Ventilation vs air conditioning: why cooling isn't fresh air
This is one of the most common — and most expensive — misunderstandings in commercial buildings. Air conditioning and ventilation do two different jobs. Air conditioning conditions the air already in a room (cooling it, heating it, and removing some moisture); it does not bring in fresh air from outside. Ventilation supplies that fresh air. A building usually needs both — and in workplaces, adequate fresh air is a legal requirement.
UK note
The figures below are from current UK guidance (verified June 2026). Building and workplace rules are periodically updated — confirm the current standards for any specific project.
Two different jobs
- Air conditioning recirculates the air in a space and changes its temperature. It makes a room cooler or warmer, but it doesn’t replace stale air with fresh.
- Ventilation brings outdoor air in and stale air out, keeping oxygen up and carbon dioxide, odours, moisture and pollutants down.
You can have a perfectly cool room that’s also stuffy and stale — which is exactly what happens when a space is air-conditioned but under-ventilated.
What the law expects (workplaces and buildings)
Fresh air isn’t optional in occupied commercial buildings. Two sets of rules apply:
- Workplace health and safety: employers must provide adequate fresh air. HSE guidance is that the fresh-air supply rate should not normally fall below 5–8 litres per second per person.
- Building Regulations (Approved Document F): for offices and similar non-domestic spaces, the standard is to supply outdoor air at 10 litres per second per person, or 1 litre per second per square metre of floor area — whichever is greater.
Importantly, where a mechanical system (including air conditioning) recirculates air, the guidance is that it must be filtered and have fresh air added before recirculation, with fresh-air inlets kept open — another reminder that cooling and fresh-air supply are designed together, not interchangeably.
Kitchens and special cases
Some spaces need dedicated extraction on top of general ventilation. Commercial kitchens are the obvious one: cooking needs extract rates well above ordinary occupancy ventilation, plus a matching supply of make-up air to replace what’s extracted — a specialist design (see restaurants and commercial kitchens). Toilets, shower rooms and similar areas also have their own extract requirements.

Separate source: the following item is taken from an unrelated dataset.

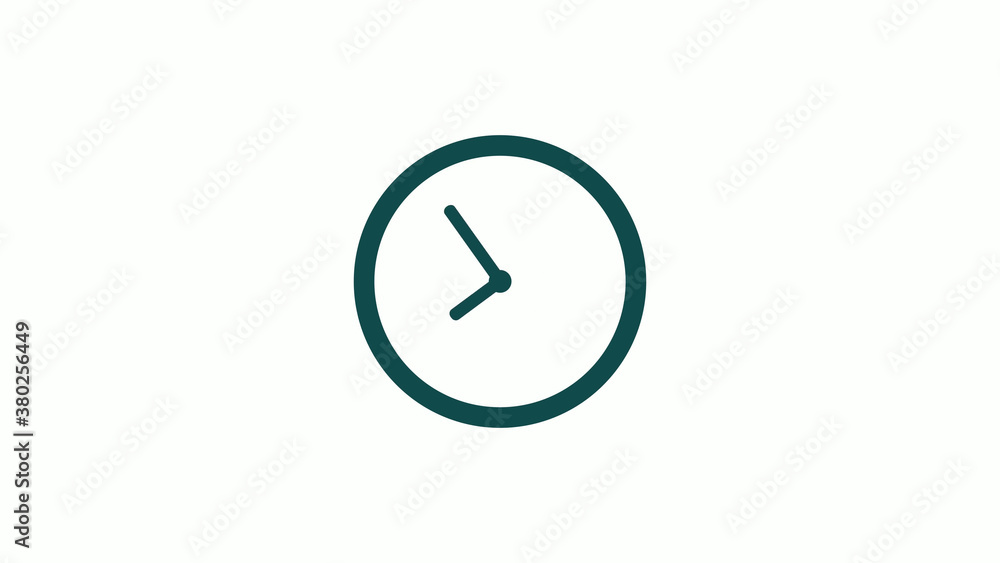 New cyan dark circle 12 hours counting down clock icon without trick,clock icon on white background New cyan dark circle 12 hours counting down clock icon without trick,clock icon on white background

What this means for your project: when you plan comfort, plan air quality alongside it. Fit air conditioning alone and you may meet your cooling need but fall short on fresh air — and potentially on your legal duties. Larger systems can combine the two: air handling units on a chilled-water system, for example, can condition and ventilate. The right answer is a system designed around both temperature and fresh air, sized from a proper commercial heat-load assessment.